▶ **TASK**: Every line of the material must be copied exactly.

▶ **COLLECTED MATERIAL**:
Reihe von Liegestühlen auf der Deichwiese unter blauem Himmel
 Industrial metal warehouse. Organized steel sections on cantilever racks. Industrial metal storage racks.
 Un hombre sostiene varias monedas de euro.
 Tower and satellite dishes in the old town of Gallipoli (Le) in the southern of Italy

▶ **RESPONSE**:
Reihe von Liegestühlen auf der Deichwiese unter blauem Himmel
 Industrial metal warehouse. Organized steel sections on cantilever racks. Industrial metal storage racks.
 Un hombre sostiene varias monedas de euro.
 Tower and satellite dishes in the old town of Gallipoli (Le) in the southern of Italy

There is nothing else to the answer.